**WORK REQUEST**.
Return every entry below word for word and leave out any picture.

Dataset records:
····················
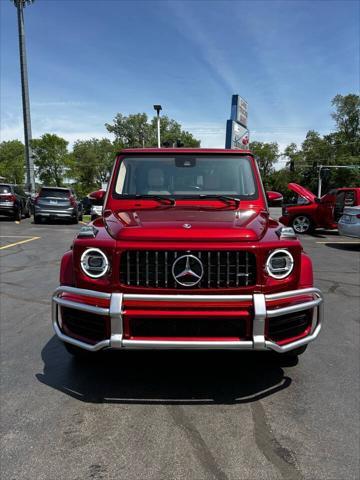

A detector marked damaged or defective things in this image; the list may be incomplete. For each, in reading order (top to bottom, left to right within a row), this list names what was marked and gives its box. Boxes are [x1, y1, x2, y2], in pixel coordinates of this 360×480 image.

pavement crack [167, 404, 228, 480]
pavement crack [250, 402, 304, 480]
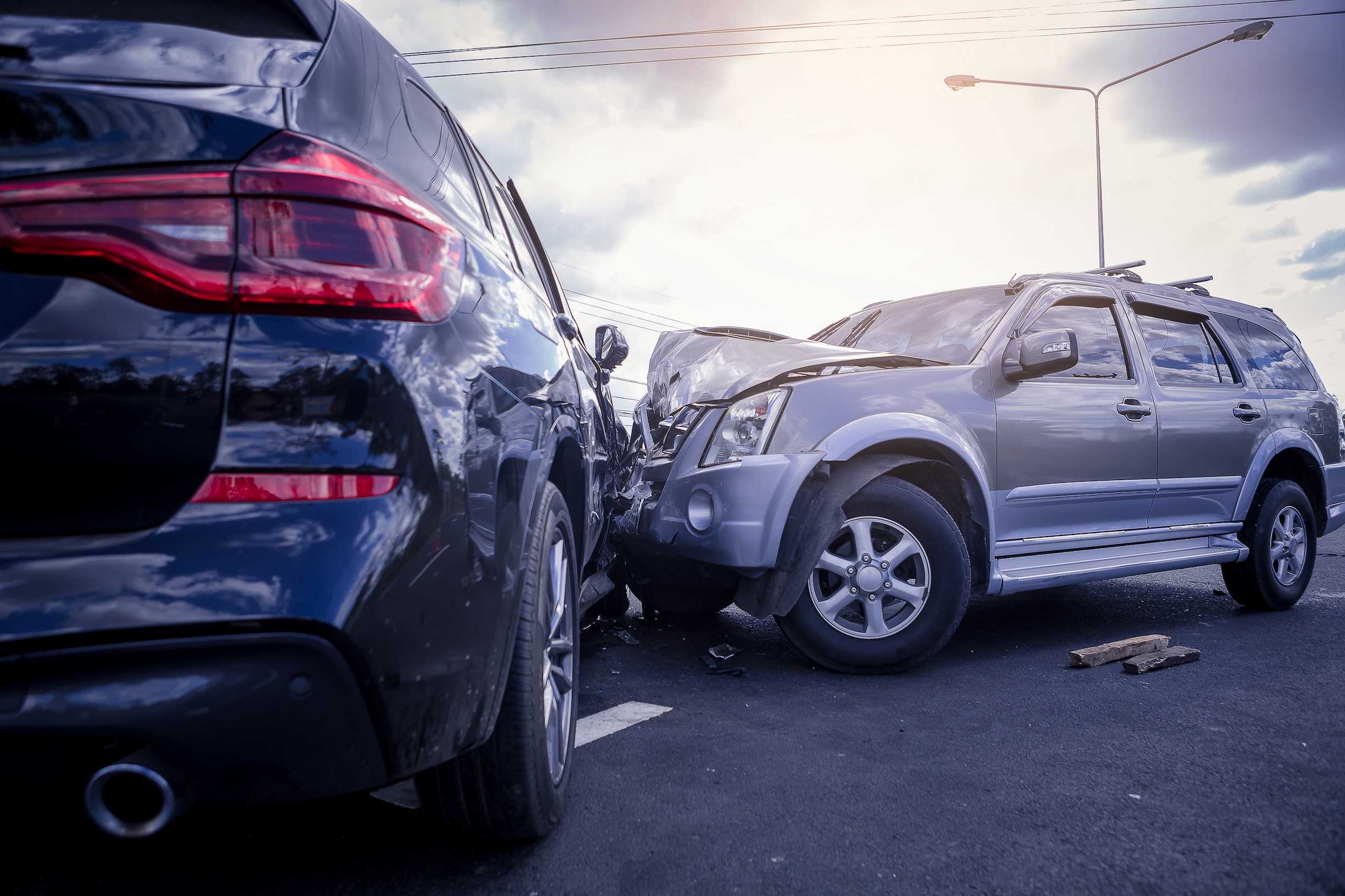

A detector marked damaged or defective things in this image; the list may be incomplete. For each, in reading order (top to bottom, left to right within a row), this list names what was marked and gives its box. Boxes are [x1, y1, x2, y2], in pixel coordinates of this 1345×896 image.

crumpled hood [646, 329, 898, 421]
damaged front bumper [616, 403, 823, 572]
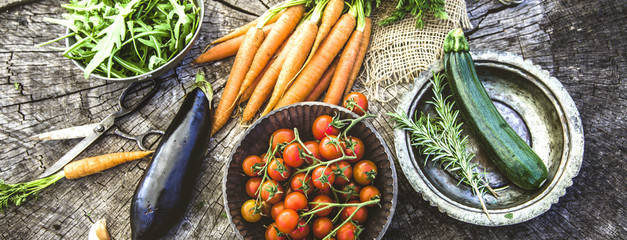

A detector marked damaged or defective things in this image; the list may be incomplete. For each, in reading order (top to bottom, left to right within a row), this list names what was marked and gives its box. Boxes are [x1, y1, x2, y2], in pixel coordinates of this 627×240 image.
····················
**ANSWER SPACE**.
A detector marked damaged or defective things in this image; the list may be incomplete. For each, in reading order (top to bottom, left to right within a row), this list names what was marked and gives its box. Boxes are [x1, y1, x2, y2], in pixel coordinates of this 360×480 image.

pavement crack [167, 404, 228, 480]
pavement crack [250, 402, 304, 480]

A detector marked damaged or defective things in this image; the list may be incomplete. For each, in reading order (top to bottom, left to right within a row), this list names what was marked and gives its box. Boxes are [x1, y1, x2, y2], in pixel coordinates of this 1345×896 image.

crumpled hood [646, 329, 898, 421]
damaged front bumper [616, 403, 823, 572]

A detector marked damaged or defective things in this image; the list may be incomplete. For each, in reading order (top to bottom, left to right within a row), this list names what was marked and gives its box. Boxes are [x1, y1, x2, y2], in pixel coordinates of this 627×240 image.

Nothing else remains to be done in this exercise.